**Exercise objective**
In the entries below, find the line with "New Wave (Insanely" and the line with "Vente Maison/villa 4 pièces — photo 1", then retype both and everything between them exactly. Do not copy the pictures.

**Source material**
>>>>>
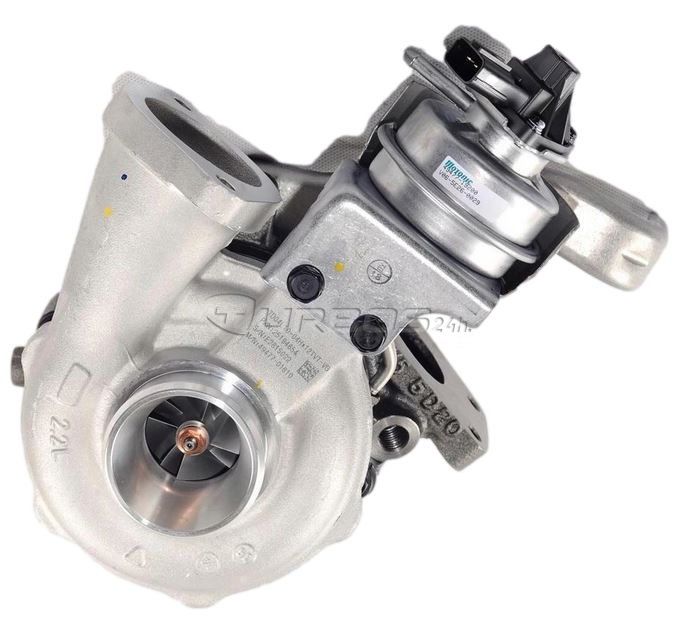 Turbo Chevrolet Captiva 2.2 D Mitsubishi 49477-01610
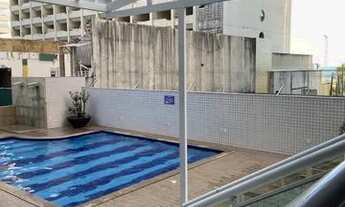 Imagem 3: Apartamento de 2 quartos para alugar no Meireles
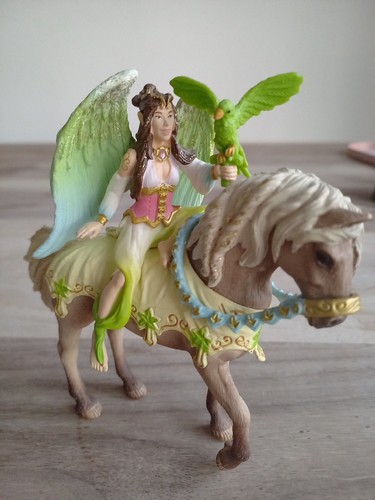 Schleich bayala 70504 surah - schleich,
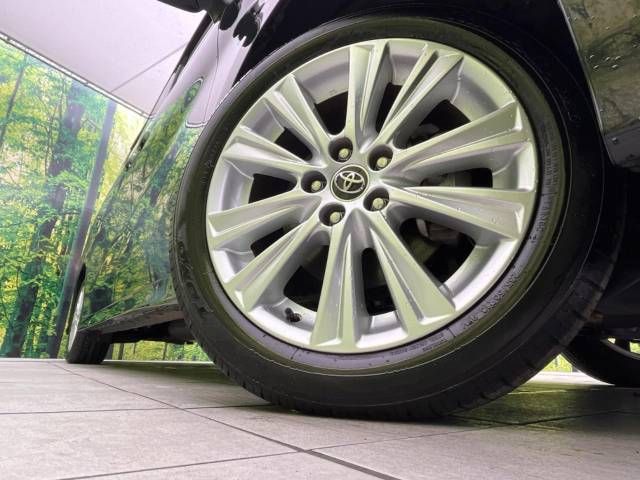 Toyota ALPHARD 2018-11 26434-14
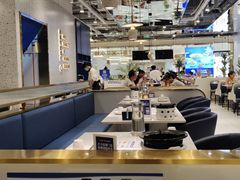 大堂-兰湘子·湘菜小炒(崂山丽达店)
<<<<<
>>>>>
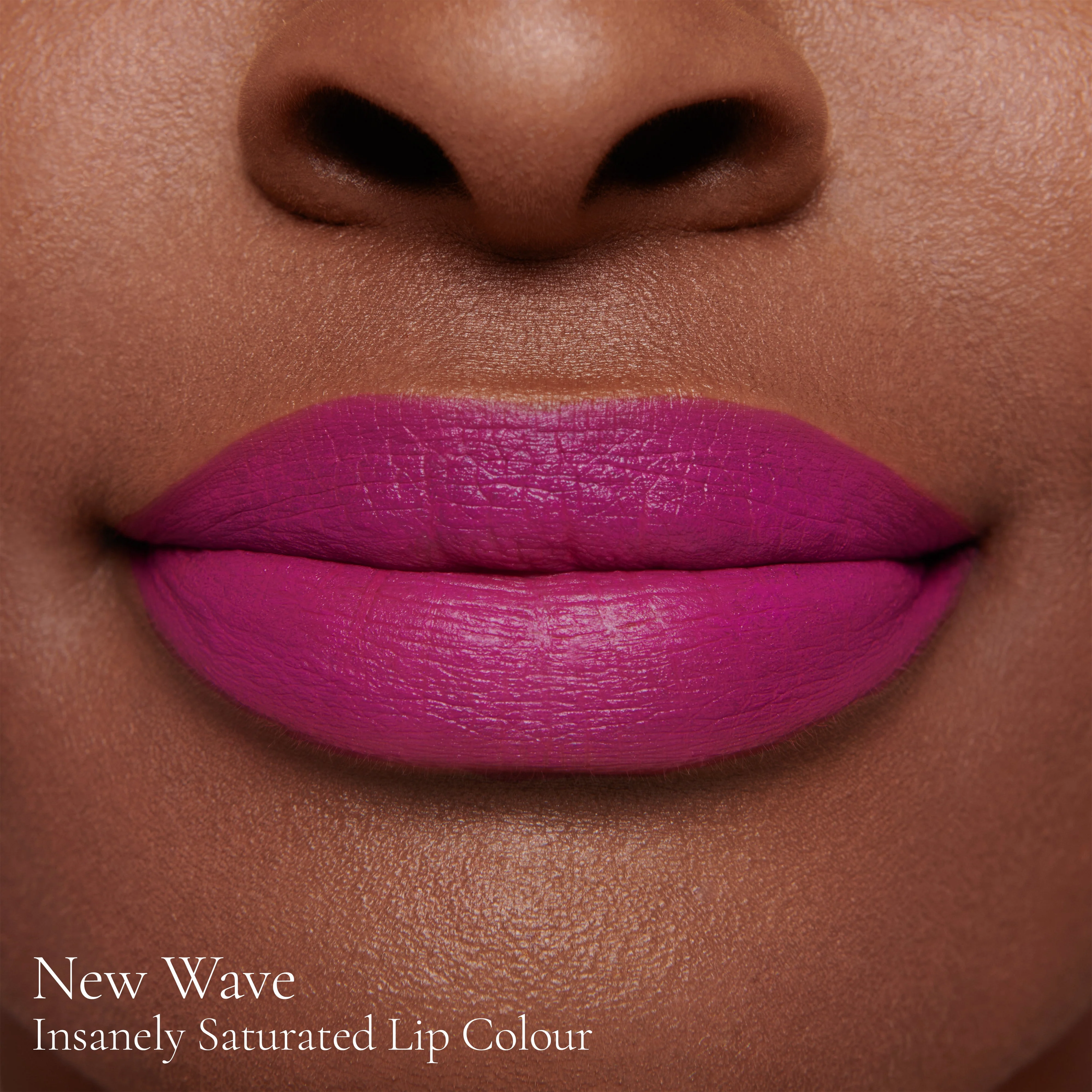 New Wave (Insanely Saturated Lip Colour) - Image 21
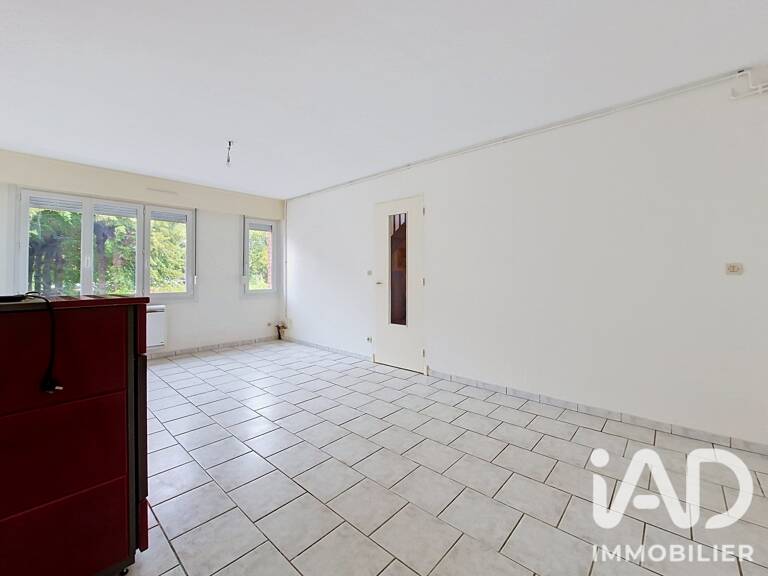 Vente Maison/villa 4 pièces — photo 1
<<<<<
**Reply**
 New Wave (Insanely Saturated Lip Colour) - Image 21
 Vente Maison/villa 4 pièces — photo 1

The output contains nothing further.